# To do:
In the records below, begin at the line that has "5mm Thick Silicon" and stop after the line that has "Pamiętajmy o ginących za Polskę"; quote those lines verbatim and nothing more.

# Data extract:
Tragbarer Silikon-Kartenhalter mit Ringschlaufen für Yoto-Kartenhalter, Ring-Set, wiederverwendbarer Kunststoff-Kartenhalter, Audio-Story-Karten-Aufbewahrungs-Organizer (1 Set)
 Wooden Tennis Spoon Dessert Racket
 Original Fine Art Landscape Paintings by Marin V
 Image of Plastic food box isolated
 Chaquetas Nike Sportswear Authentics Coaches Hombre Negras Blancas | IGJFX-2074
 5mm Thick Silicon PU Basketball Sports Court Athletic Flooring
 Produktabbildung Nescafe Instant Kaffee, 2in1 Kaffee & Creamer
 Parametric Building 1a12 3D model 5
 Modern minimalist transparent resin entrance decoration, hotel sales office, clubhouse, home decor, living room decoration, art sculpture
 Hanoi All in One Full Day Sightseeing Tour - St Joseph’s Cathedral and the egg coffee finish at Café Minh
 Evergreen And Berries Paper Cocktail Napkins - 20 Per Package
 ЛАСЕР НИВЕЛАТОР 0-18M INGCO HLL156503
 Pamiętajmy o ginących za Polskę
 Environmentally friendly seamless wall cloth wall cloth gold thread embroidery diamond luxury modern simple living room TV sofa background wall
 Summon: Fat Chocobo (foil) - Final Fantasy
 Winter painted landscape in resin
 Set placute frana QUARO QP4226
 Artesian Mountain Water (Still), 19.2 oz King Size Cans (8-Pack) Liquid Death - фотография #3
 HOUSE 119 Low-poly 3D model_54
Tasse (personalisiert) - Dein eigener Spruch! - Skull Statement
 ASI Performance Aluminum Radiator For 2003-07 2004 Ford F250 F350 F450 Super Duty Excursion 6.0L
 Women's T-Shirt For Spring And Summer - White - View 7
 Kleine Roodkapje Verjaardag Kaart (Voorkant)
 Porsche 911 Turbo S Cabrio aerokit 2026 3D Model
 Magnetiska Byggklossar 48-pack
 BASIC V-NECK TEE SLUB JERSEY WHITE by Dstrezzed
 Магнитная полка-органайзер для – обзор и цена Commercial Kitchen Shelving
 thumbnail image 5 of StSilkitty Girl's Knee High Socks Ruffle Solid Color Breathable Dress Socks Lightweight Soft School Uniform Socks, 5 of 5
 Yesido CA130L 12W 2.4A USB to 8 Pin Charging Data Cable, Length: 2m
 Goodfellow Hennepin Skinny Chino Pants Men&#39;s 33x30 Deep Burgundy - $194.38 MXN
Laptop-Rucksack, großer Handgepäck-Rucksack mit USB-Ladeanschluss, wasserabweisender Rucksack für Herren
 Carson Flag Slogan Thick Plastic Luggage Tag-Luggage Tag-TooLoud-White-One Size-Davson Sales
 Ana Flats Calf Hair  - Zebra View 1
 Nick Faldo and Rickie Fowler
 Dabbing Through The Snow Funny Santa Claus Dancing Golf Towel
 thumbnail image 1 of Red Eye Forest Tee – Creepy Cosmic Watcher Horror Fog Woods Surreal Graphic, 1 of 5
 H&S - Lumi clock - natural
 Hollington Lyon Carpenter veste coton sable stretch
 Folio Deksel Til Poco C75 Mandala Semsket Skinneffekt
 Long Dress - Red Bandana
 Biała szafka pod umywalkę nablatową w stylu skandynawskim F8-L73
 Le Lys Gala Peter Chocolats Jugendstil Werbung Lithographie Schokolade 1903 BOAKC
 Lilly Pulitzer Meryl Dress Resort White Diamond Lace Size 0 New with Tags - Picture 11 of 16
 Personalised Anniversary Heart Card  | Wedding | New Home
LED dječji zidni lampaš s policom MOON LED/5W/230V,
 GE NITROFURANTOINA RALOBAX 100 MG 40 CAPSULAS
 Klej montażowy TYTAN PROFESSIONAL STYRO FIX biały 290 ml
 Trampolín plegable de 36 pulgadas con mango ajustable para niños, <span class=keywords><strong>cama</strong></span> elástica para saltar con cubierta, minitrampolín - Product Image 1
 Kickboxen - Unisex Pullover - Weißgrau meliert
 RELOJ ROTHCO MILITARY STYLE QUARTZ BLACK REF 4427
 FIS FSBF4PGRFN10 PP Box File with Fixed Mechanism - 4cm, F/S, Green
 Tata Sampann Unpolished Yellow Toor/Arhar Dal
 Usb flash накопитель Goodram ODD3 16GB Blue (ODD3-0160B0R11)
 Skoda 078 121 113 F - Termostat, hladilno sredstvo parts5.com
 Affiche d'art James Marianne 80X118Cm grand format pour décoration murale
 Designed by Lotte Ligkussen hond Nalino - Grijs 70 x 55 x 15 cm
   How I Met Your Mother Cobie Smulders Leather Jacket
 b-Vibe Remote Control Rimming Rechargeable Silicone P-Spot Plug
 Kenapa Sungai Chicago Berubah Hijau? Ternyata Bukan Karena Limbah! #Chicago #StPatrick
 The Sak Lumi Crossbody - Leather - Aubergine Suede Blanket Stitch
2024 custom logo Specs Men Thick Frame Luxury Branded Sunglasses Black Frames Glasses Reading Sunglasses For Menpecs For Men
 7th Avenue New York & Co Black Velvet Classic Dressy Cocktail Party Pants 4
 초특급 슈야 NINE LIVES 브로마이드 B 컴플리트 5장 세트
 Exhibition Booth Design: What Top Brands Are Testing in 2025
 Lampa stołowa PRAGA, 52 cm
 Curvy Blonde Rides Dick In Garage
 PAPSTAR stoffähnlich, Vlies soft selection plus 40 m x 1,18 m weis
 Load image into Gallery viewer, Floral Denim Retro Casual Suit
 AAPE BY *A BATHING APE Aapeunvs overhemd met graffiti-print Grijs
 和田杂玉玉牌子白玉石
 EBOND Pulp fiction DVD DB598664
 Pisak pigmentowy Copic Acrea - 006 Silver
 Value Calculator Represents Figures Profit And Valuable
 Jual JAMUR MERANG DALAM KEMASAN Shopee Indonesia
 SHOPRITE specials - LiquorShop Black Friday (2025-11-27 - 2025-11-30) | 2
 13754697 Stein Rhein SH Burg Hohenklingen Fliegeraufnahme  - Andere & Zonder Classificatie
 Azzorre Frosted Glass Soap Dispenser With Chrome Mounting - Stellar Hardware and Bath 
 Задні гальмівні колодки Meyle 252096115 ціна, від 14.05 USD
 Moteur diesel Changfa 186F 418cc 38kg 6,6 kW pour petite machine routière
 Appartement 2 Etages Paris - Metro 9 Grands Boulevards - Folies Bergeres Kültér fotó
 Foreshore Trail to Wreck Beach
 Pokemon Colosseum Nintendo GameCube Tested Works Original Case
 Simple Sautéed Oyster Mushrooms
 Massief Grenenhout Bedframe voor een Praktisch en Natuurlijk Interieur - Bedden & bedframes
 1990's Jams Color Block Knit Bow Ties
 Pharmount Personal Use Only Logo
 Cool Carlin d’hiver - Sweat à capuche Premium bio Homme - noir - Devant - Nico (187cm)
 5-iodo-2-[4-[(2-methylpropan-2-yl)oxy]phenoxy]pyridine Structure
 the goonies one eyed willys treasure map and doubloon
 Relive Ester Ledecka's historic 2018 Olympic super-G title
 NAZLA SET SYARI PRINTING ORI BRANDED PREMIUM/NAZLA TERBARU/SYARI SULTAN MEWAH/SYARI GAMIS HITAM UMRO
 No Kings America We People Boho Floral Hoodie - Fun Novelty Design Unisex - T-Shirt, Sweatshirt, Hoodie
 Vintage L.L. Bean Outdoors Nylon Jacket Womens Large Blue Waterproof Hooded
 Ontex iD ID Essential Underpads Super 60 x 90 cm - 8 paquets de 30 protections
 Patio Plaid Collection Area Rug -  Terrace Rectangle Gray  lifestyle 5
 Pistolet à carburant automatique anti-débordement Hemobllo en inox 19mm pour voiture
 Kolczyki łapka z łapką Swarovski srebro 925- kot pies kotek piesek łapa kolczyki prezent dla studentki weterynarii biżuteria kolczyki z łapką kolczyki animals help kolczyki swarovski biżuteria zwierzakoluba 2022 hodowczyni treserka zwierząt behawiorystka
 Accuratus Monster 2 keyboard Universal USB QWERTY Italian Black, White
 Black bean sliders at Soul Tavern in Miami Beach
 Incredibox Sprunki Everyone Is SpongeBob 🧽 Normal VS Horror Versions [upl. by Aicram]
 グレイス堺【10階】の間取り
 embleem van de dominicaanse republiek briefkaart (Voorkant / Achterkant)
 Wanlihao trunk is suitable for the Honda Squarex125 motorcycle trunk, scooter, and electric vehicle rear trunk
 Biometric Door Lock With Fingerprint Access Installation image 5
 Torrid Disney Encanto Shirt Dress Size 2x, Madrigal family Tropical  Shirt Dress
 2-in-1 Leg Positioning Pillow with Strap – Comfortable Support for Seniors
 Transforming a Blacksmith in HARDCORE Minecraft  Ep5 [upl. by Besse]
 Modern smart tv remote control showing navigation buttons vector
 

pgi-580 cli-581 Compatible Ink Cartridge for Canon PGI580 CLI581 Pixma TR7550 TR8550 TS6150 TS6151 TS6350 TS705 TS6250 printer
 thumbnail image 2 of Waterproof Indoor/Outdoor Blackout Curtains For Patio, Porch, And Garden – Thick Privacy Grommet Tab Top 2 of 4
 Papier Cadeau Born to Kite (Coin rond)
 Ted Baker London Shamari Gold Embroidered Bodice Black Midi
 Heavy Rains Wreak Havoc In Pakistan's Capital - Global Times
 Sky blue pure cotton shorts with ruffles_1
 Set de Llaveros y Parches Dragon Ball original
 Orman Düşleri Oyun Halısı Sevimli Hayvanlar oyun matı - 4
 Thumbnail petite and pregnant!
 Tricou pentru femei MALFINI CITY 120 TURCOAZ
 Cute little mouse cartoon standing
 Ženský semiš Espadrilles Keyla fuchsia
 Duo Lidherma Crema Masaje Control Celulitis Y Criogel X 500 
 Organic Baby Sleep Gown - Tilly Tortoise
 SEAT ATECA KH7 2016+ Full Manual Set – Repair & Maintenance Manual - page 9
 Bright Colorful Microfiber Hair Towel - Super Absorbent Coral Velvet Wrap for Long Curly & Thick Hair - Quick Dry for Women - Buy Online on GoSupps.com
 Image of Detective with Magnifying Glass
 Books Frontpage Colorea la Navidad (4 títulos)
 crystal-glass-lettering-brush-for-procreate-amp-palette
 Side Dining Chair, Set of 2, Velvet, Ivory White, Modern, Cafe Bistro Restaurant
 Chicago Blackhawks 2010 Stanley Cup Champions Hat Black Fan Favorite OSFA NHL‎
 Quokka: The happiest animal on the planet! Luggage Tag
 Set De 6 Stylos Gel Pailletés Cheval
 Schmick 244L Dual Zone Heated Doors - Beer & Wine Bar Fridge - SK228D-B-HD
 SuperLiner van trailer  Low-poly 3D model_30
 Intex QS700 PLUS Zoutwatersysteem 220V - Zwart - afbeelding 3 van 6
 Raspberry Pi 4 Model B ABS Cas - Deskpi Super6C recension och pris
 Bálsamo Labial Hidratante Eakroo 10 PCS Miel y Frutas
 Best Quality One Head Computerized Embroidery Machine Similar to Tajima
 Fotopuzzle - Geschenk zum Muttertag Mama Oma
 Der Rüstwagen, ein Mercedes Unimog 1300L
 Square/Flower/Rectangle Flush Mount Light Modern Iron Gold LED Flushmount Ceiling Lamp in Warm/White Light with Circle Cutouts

# Solution to the exercise:
 5mm Thick Silicon PU Basketball Sports Court Athletic Flooring
 Produktabbildung Nescafe Instant Kaffee, 2in1 Kaffee & Creamer
 Parametric Building 1a12 3D model 5
 Modern minimalist transparent resin entrance decoration, hotel sales office, clubhouse, home decor, living room decoration, art sculpture
 Hanoi All in One Full Day Sightseeing Tour - St Joseph’s Cathedral and the egg coffee finish at Café Minh
 Evergreen And Berries Paper Cocktail Napkins - 20 Per Package
 ЛАСЕР НИВЕЛАТОР 0-18M INGCO HLL156503
 Pamiętajmy o ginących za Polskę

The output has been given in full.